Malgré quelques bâtiments hauts de gamme, le Japon manque cruellement de moyens pour rivaliser avec l’Occident. Lui font défaut des navires qui soient à la fois nombreux et modernes, les techniques et les infrastructures pour construire, armer et entretenir lesdits navires, ainsi que le personnel adéquat, depuis les ingénieurs capables de pondre des vaisseaux de guerre aux officiers formés à la guerre navale moderne. Tout est à faire… La modernisation navale pose d’autant plus problème que les réformes impériales de Meiji ne passent pas en douceur. Les révoltes seigneuriales imposent de moderniser l’armée avant la marine.
En pratique, une fois les flottes privées des grands seigneurs intégrées à l’ancienne flotte Tokugawa passée dans le giron impérial, le Japon dispose à tout casser d’une vingtaine de bâtiments qui tiennent vaguement la route.
Après s’être tourné vers les Hollandais de Nagasaki du fait de leur évidente proximité, le Japon fait appel à la France et au Royaume-Uni. Parallèlement à l’accueil de conseillers étrangers, de nombreux officiers sont envoyés en Europe pour s’y former.

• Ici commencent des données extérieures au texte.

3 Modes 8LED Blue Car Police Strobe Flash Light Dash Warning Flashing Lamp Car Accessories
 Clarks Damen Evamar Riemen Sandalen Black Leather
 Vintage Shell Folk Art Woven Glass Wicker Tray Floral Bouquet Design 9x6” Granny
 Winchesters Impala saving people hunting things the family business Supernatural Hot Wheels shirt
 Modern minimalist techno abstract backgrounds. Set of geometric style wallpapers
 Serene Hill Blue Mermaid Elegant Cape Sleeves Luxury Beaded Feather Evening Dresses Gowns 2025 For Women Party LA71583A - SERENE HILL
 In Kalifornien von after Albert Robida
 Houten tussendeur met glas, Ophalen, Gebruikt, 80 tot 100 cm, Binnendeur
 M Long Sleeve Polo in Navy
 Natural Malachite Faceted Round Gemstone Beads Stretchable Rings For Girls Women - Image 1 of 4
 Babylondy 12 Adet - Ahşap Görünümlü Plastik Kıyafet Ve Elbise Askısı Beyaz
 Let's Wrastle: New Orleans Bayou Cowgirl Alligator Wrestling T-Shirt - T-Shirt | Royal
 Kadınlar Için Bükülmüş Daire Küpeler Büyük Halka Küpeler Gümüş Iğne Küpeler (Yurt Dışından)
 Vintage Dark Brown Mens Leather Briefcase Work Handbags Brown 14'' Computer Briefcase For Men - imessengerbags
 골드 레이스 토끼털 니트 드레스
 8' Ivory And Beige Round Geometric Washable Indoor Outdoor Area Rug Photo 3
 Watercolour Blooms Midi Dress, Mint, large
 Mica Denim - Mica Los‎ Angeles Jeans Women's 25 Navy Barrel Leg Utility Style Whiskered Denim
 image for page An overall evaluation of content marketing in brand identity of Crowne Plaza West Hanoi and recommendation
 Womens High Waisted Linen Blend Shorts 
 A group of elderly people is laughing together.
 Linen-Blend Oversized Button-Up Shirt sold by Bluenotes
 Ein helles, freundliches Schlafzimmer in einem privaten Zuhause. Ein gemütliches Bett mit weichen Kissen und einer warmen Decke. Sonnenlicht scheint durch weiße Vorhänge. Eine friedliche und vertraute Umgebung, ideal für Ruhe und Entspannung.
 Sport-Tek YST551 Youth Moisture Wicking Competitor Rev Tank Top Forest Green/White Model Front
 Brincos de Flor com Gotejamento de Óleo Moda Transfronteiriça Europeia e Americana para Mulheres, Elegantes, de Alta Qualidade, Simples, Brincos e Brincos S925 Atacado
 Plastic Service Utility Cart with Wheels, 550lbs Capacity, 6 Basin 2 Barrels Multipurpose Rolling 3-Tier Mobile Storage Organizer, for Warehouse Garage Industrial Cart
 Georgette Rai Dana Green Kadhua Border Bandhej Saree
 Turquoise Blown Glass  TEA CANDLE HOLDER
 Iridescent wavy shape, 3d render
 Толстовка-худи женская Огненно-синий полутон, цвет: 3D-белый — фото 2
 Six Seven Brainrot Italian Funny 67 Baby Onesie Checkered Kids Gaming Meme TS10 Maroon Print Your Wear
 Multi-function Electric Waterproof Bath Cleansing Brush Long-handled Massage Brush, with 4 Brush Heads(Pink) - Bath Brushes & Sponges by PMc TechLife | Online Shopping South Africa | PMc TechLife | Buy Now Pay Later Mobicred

- Le choix des Rosbifs n’a rien d’exceptionnel : la Royal Navy domine largement les mers à l’époque, même si sa suprématie se voit peu à peu grignotée par la concurrence ancienne (France, Russie) ou nouvelle (Allemage, Etats-Unis et… Japon). Le modèle britannique est imposé en 1870 par édit impérial.
L’influence anglaise pèsera lourd sur les finances vu les nombreux achats de bateaux construits en Angleterre pour compenser le manque d’infrastructures locales. Ainsi la flotte japonaise de 1905, sur un total de 110 bâtiments, en compte pas moins de 38 sortis des chantiers navals anglais, contre 23 armés au Japon
La mission militaire de Douglas en 1873-75 assure la formation d’officiers.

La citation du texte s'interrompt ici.